Numerically stable evaluation of factored univariate real polynomial

83 Views Asked by At

Suppose we have a real univariate factored polynomial, meaning we have its factors: an arbitrary number of polynomials of degree less than or equal to two. To simplify things, if necessary, let's assume that we multiply together factors of degree zero and one, so we'd be left with only degree-two polynomials as factors. Afterwards we round all the coefficients to machine precision.

Furthermore, while evaluating, we want to multiply the factors together in a structure of a binary tree, to minimize sequential dependencies and enable as much parallelism as possible in the evaluation.

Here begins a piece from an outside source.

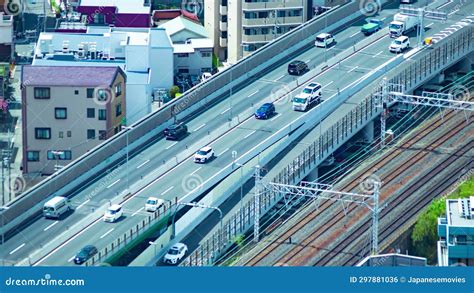 A Timelapse Of Traffic Jam On The Highway In Osaka By High Angle View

Now the question is: if we want to minimize the maximum error (either absolute or relative) over an interval while evaluating the polynomial, how should we distribute the factors among the leaves of the binary tree? This is necessary because multiplication in floating-point arithmetic lacks associativity.

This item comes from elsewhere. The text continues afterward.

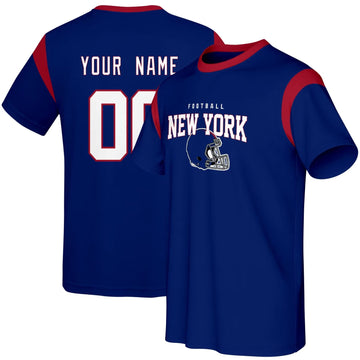 New York football style T-shirt front and back view with custom name and number design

For example, if we have four factors, $a$, $b$, $c$ and $d$ (with known coefficients), is it better to evaluate them like so: $(ab)(cd)$ or like so: $(ac)(bd)$ or like so: $(ad)(bc)$?

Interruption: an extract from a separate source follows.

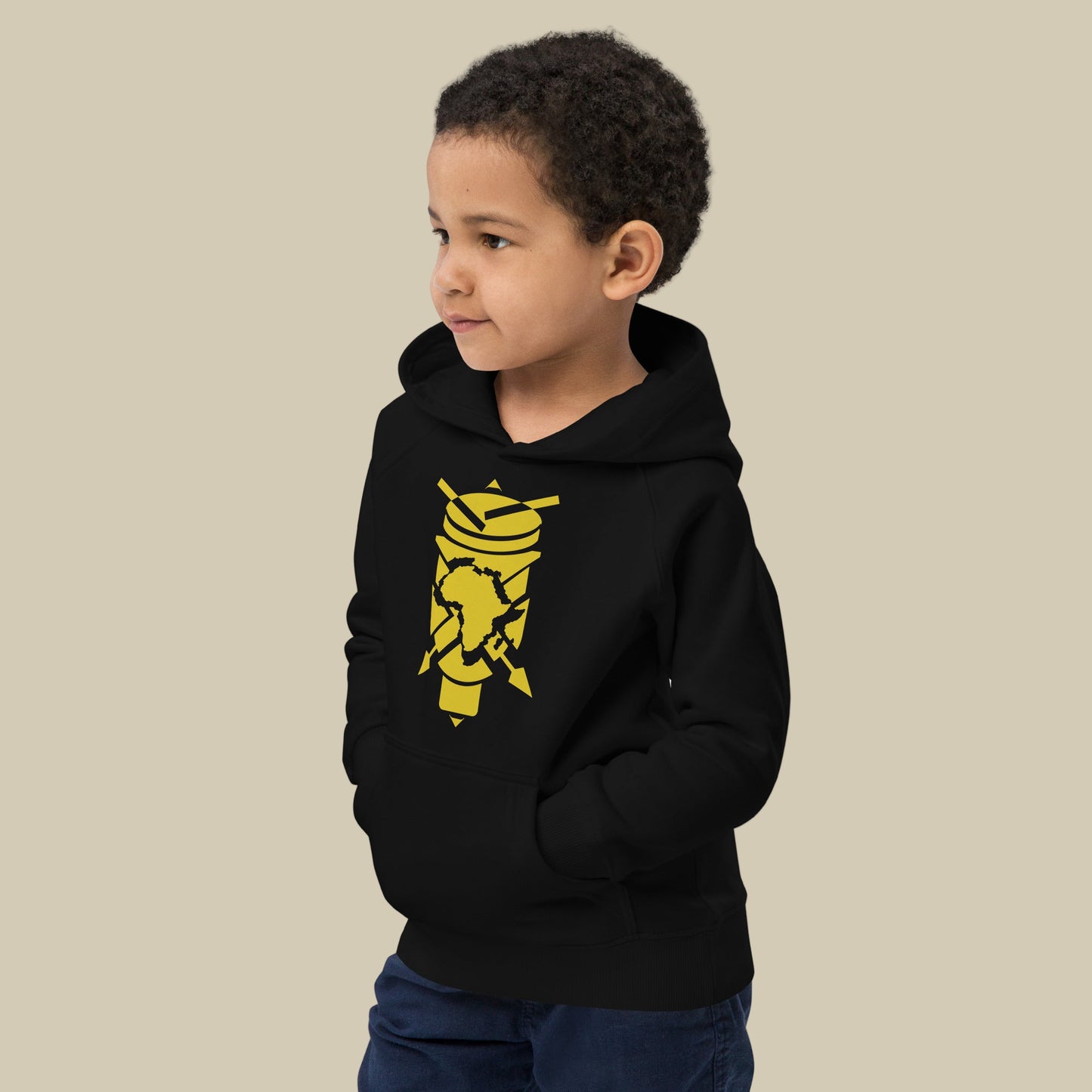 Creative.Era Ingoma Hoodie for kids — black Street Wear hoodie inspired by Burundi royal drums, cultural fashion design.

Note that we can't just try all configurations, because the count of configurations grows too quickly with the count of factors: while there are only three configurations with four factors, for eight factors there are already $105$ configurations, and $675675$ for sixteen factors. There are $203067496256625$ configurations with $32$ factors. (I'm only considering power-of-two counts of factors for simplicity.)